昨年平成25年11月の下旬に叔母の訃報を受け取った。
急に寒さが厳しく感じられるようになり、しかも紅葉が真っ盛りの田舎の初冬に。

私の親父の妹にあたる叔母は、私の小さいころ良く遊びにきていた。なんのお土産だったかは思い出せないが、いつも何かを手に渡して話しかけてくれたことを思い出す。
叔母と私の実家はおそらく8キロか10キロくらいは離れていたが、昔はすべて歩いて行き来したものだった。今年96歳の生涯を終わるまで2年くらいは寝たり起きたりの日常であったようであるが、それまでは畑で野菜を作って元気に活躍していたようだ。

現在の私の家から叔母の家までは車手1時間弱の距離である。
弟の軽トラで同乗させてもらった。途中で姉さんや従兄弟たちと合流し、現地に向かった。

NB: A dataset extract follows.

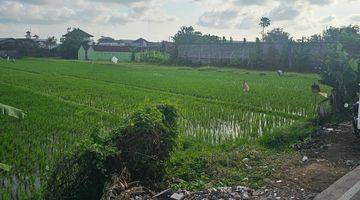 Gambar 2 Di Jual Segera Lahan Kosong Dekat Terminal Mengwi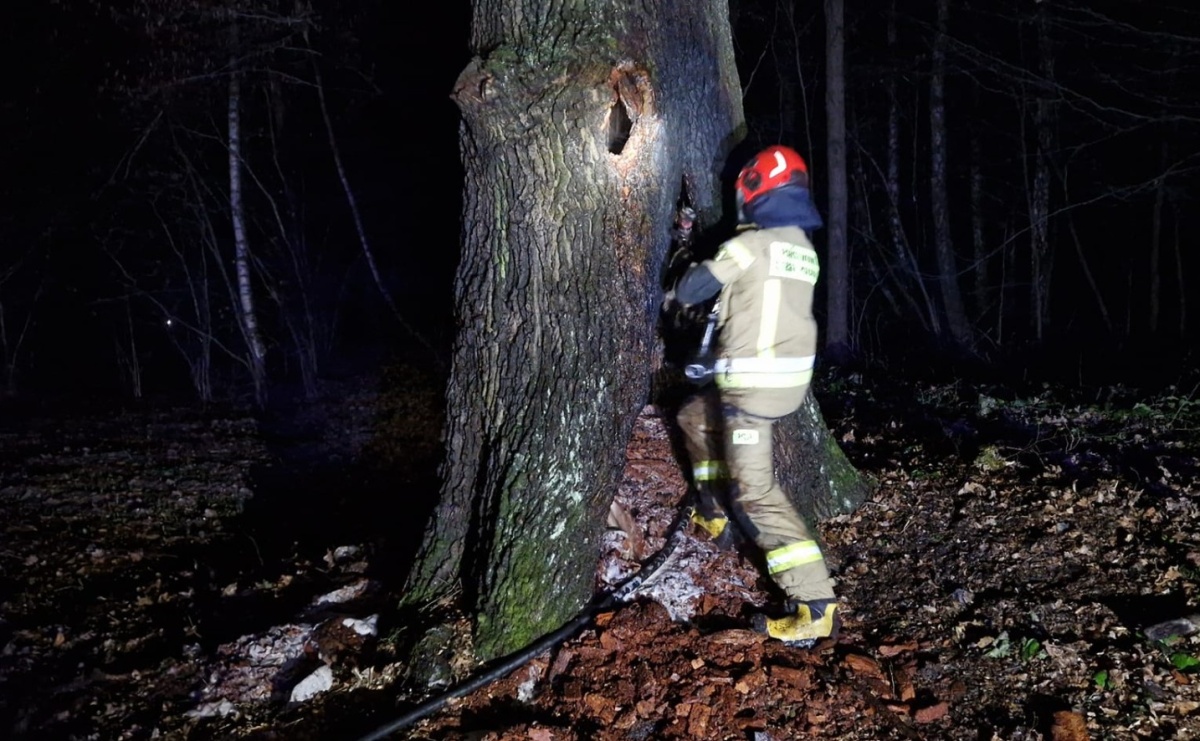 Dębowy weteran padł ofiarą wandali - Serwis informacyjny z Wodzisławia Śląskiego - naszwodzislaw.com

叔母の家まで行って、迎えに来ていた葬儀場のバスに乗り換え1時間近く走った。
バスの中は久しぶりに会った人たちで、大声で近況を話す人、冗談をいって大笑いする人、叔母の最近の様子を話す人、96歳でご逝去された叔母の天寿を祝うかのようなにぎやかさであった。
葬儀場は、紅葉で有名な足助の奥で、行く先々でモミジの紅葉が皆さんの感激的な表現の中に鮮やかに私にも想像できた。弟は紅葉は7割くらいかなと言った。
紅葉狩りの車や人の中を葬儀場に向かうことはなかなかスムーズには逝かず、葬儀時間ぎりぎりに到着した。お悔やみの挨拶もそこそこに葬儀は始まった。

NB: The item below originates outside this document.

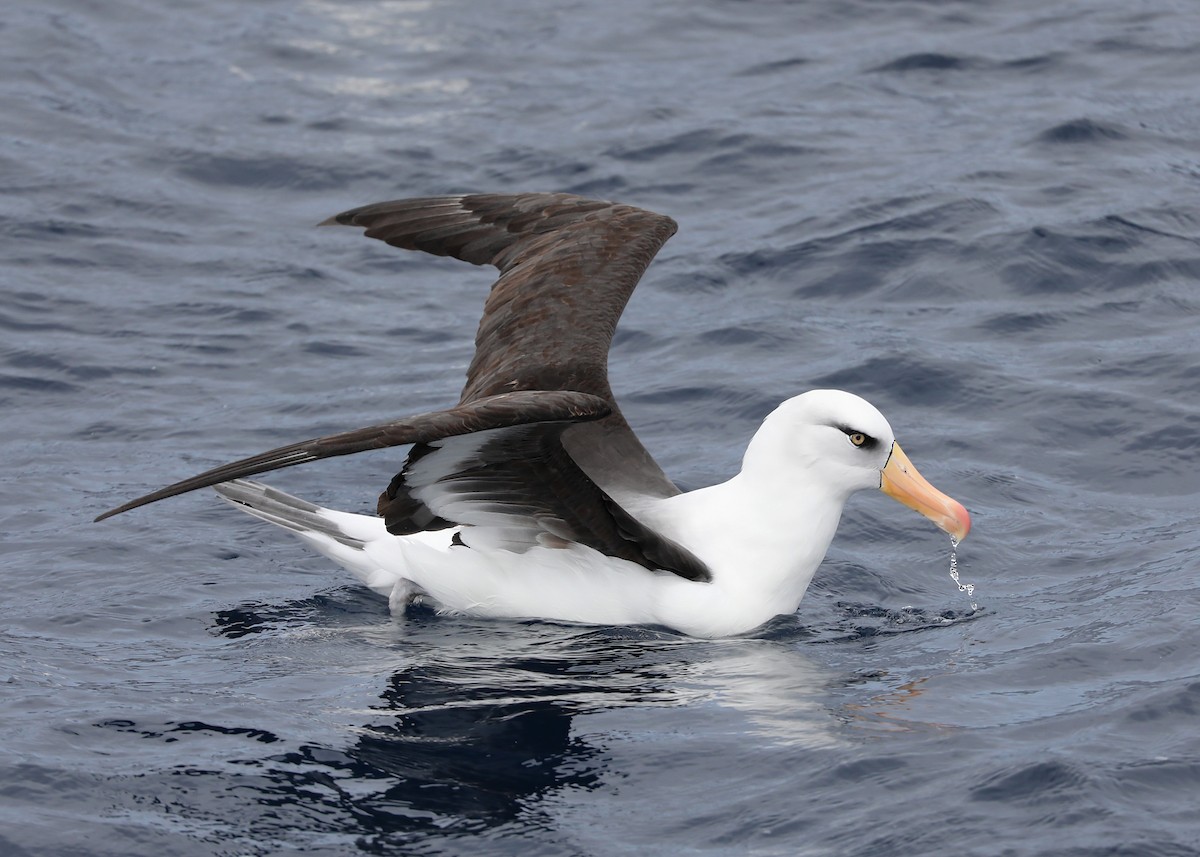 Black-browed Albatross (Campbell) - ML365418541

浄土宗独特の楽器で、にぎやかな読経ではあったが、中でも歌謡調で歌い上げる旋律は悲しみをじーんと胸にこみ上げさせるに十分な調べでした。
そして霊柩車を先頭に火葬場に向かったのですが、今度はまともに紅葉狩の観光客とともに道を走行するために激しい渋滞に会い、かなりの時間がかかり火葬場につきました。

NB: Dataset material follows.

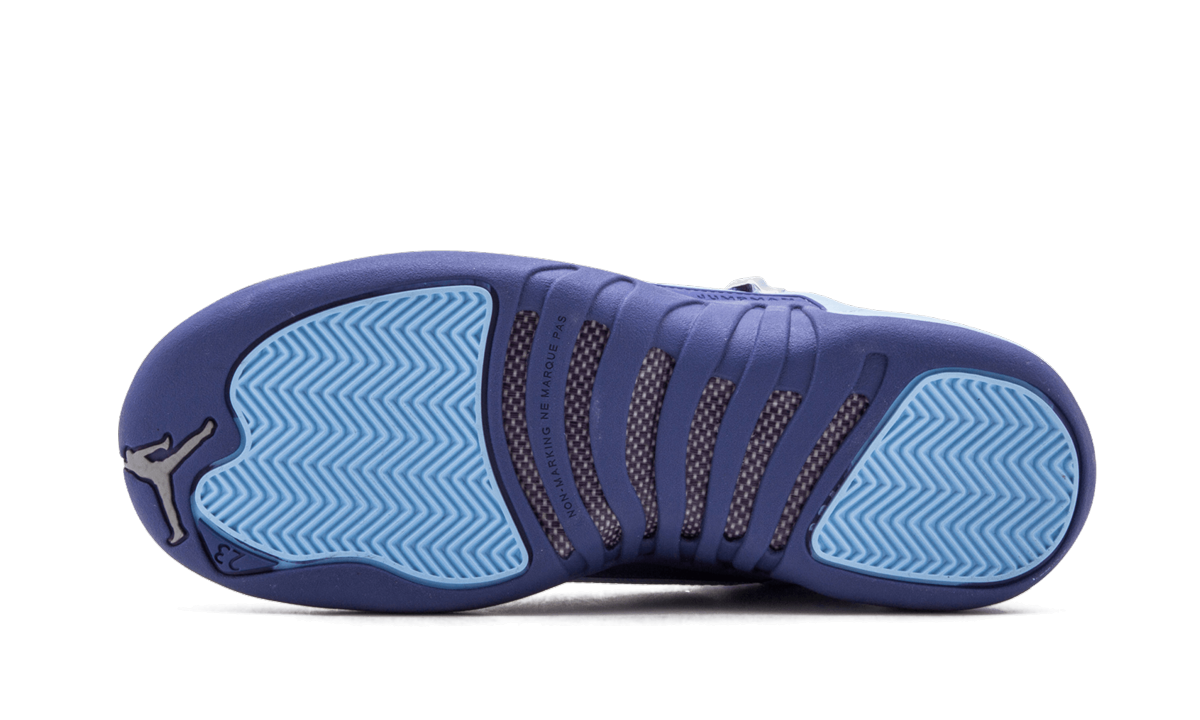 Air Jordan 12 Retro GS "Purple Dust" 510815 418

良く電車に乗ってremに出席するとき、若い人たちの楽しそうな笑い声や話し声を聞きながらライトハウスへ向かうのですが、いつも思うのは、彼らが後100年も経つともうこの世にはいないと思うと、無常とはこういうことかなと思います。

火葬の前のお参りをして火葬の窯に入っていきました。
窯から出た骨を私も一つ拾わせてもらいました。触ってみると、焼け焦げた骨は異様な匂いを放ちながら最終の姿を消してしまいました。

燃えるようなモミジの美しさの中で散って行った叔母の一生でした。いずれ遠からず後を追うものとして、どう生きようかと考えさせられた日でした。